Later into the week the after dinner clean up was interrupted by the ringing of the phone. It was my sister. She and my mother had gone to the funeral earlier that day. I knew that it would be difficult for her with the parallels she could not help but draw to her own life nevertheless those were also the reasons it was important to her to be there. I asked her how it was and to my surprise she said that it was okay. She had thought that the mother would be a mess but she said she was holding her own so far. As odd as it sounds my sister said that the 17 year old boy had brought comfort to his mother and eased her suffering in the last hours of his life.
A flu had run its course through his family and he had died from respiratory failure. The mother told my sister that she had been afraid that her son would fight the end but he hadn’t. He had turned to his mother and told her he wouldn’t need the oxygen anymore and that he just wanted her to hold him. After awhile he slipped away, peacefully. His bravery and dignity, the love that he showed in the last moments of his life, brought her a great comfort.
These aren’t the sort of things that you usually read about in books. The protagonist is usually made up of more media savvy or lionized epic traits. Children dying of horrible diseases don’t make good light reading. Regardless, this particular story, by the best definition, this narration of a brief life, would define this 17 year old boy as the exemplar, the mainstay, the standard-bearer, the warrior…the protagonist, the hero.

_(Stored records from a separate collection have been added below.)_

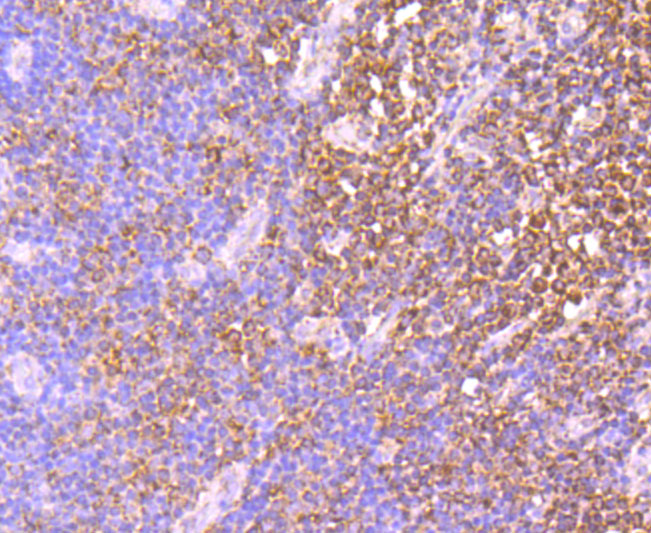 Paraformaldehyde-fixed and paraffin-embedded Human Tonsil tissue incubated IDH2 (2G2) Monoclonal Antibody (bsm-54060R) at 1:100, overnight at 4°C, followed by a conjugated secondary antibody and DAB staining. Counterstained with hematoxylin.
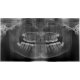RTG snímek zubů modelu lidské hlavy s krčními obratli
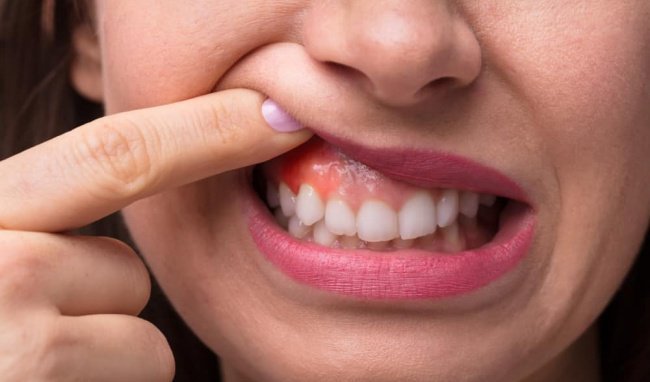 Nữ giới viêm chân răng, sưng lợi điều trị như thế nào?
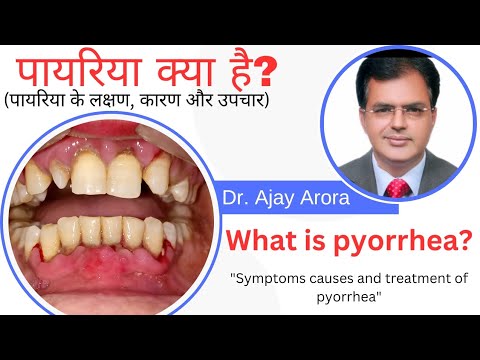 What is Pyorrhea, Causes, Symptoms and Treatment?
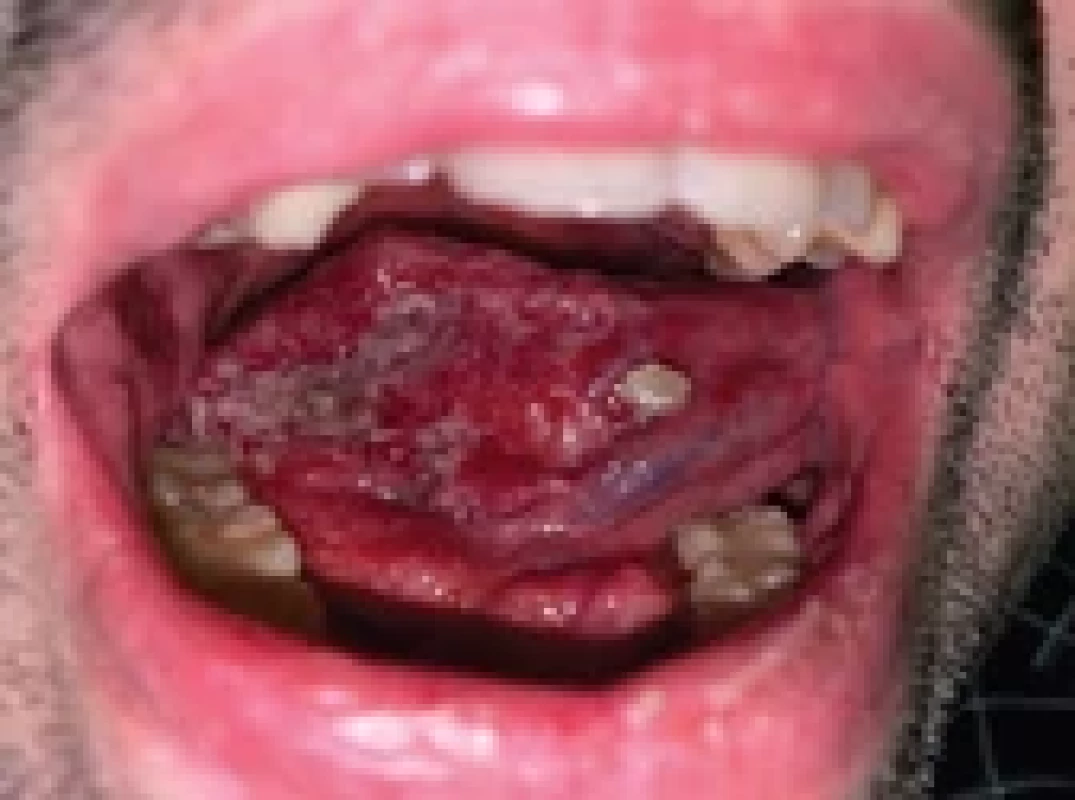 Epidermoid carcinoma right body of the tongue and fl oor of the mouth.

It’s not a story that anyone should have to live, but of course they do. When my sister talked about books for her children with characters they could relate to I know this isn’t what she meant but maybe it is a story that everyone else should know about. That boy wasn’t a noted athlete, a famous detective or a great romancer. He was a boy that life had dealt a really, really unfair hand to and he played it as best he could.
That is not the story of a secondary character. That is not the life of a marginal individual. That grace and dignity in the face of the almost incomprehensible contemplation of ones own end is something we should venerate. In the end we are nothing more than ourselves. That can be base or in the case of this boy, a glorious shooting star, the light of which is brief and intense but more beautiful in its brave blaze.